Created by husband and wife team, Diane Paulus and Randy Weiner – producers of Punchdrunk’s hit show Sleep No More - this event that puts the audience at the heart of a disco party has been a cult hit in New York for seven years.

It features 70s disco classics I Will Survive, Carwash, We Are Family, Don’t Leave Me This Way, and You Sexy Thing as well as hoop artists, fire breathers, trapeze and Chinese pole dancers, and drag queens.

Director Ryan McBryde says the musical transplants the story of fairies and lovers from the woods outside Athens to New York’s Studio 54.

And in the 400th anniversary of The Bard’s death it upends Shakespearean tradition by casting female performers in male roles including comedian Vikki Stone as Oberon.

“It’s ultimately a love story,” says McBryde.

“It’s about infatuation, falling in and out of love when you’re young. Just like Puck’s love potion, nightclubs are no strangers to illegal narcotics so you’ve got that element too.
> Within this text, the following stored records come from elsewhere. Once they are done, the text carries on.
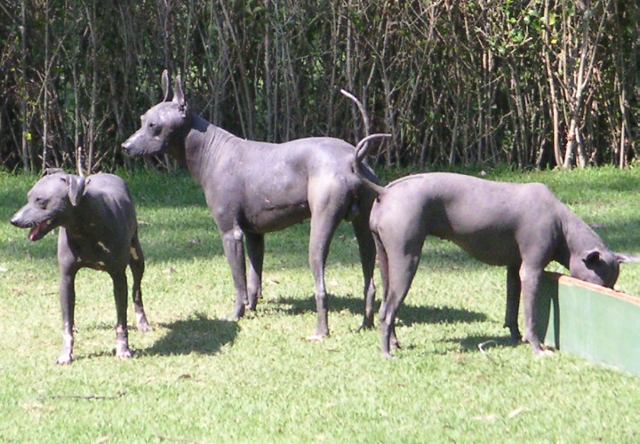 Mexico.Xoloitzcuintle.01.jpg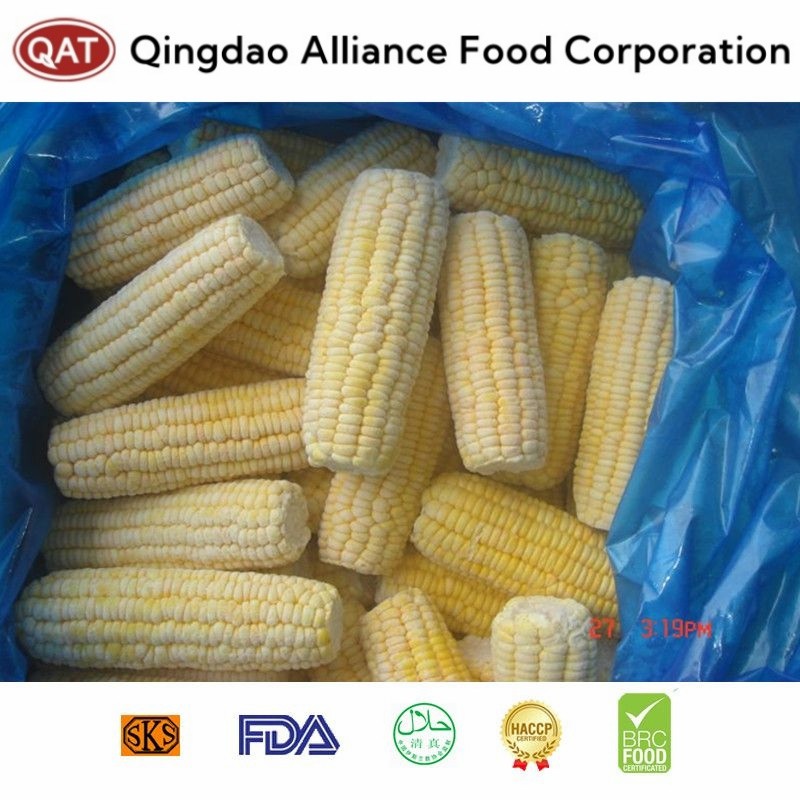 Freshly Harvested IQF Frozen Sweet Corn Cobs - Sourced From China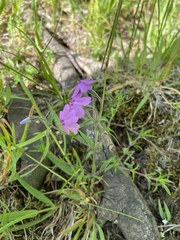 Phlox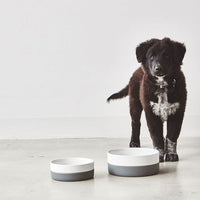 Gamelle pour chien Coppa ardoise / grise en porcelaine avec revêtement en silicone antidérapant
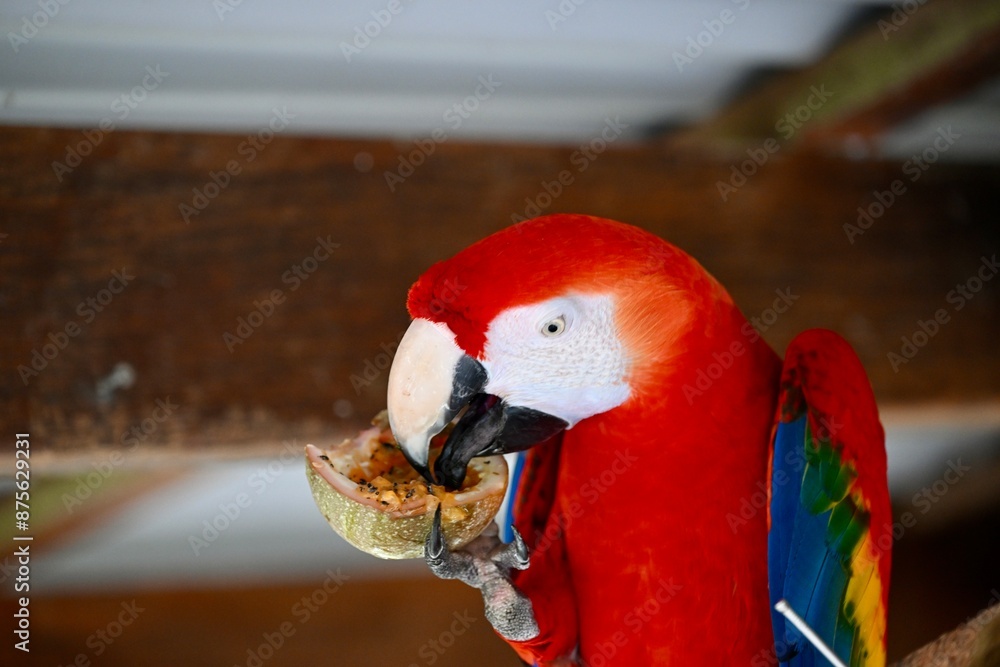 Fototapeta premium Bird eating in nature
“There’s all sorts of love going on; infatuation, unrequited love, lust, homosexual love and a little bit of bestiality with the donkey. You name it I think we’ve got it covered.”

Titania flirts her way through the audience to make club owner Oberon jealous, the fairies act as the club’s bus boys going through the audience and making sure everyone is having a good time as the young lovers wander among the crowds pursuing each other.

“It is a crazy show and when it was first pitched to me I was like ‘wow I’ve never seen anything

like this, I’ve never done anything like this.’ I’ve done lots of musicals but nothing like this. It’s disco meets Shakespeare meets burlesque meets circus.” adds McBryde.

The creators used to run The Box nightclub and were involved in theatre at the same time so wanted to put the two together.

“When you look at the original Studio 54 you have characters like Bianca Jagger riding through the studio on a white stallion and these guys doing trapeze on the ceiling.

“It was like a fantasia and it’s exactly like that in the woods, anything could happen.”

Dressing up is encouraged among audiences as is dancing and singing along.

“We’ve got these platforms where the action takes place and the audience are in the club so it’s as if they’re on a night out, dancing along, having a bit of sing along as well. It’s fully immersive.”

“Come down for a raunchy night it’s a bucking bronco of a show.”

The Donkey Show runs at Proud Camden in Stables Market from 9 June to 21 August.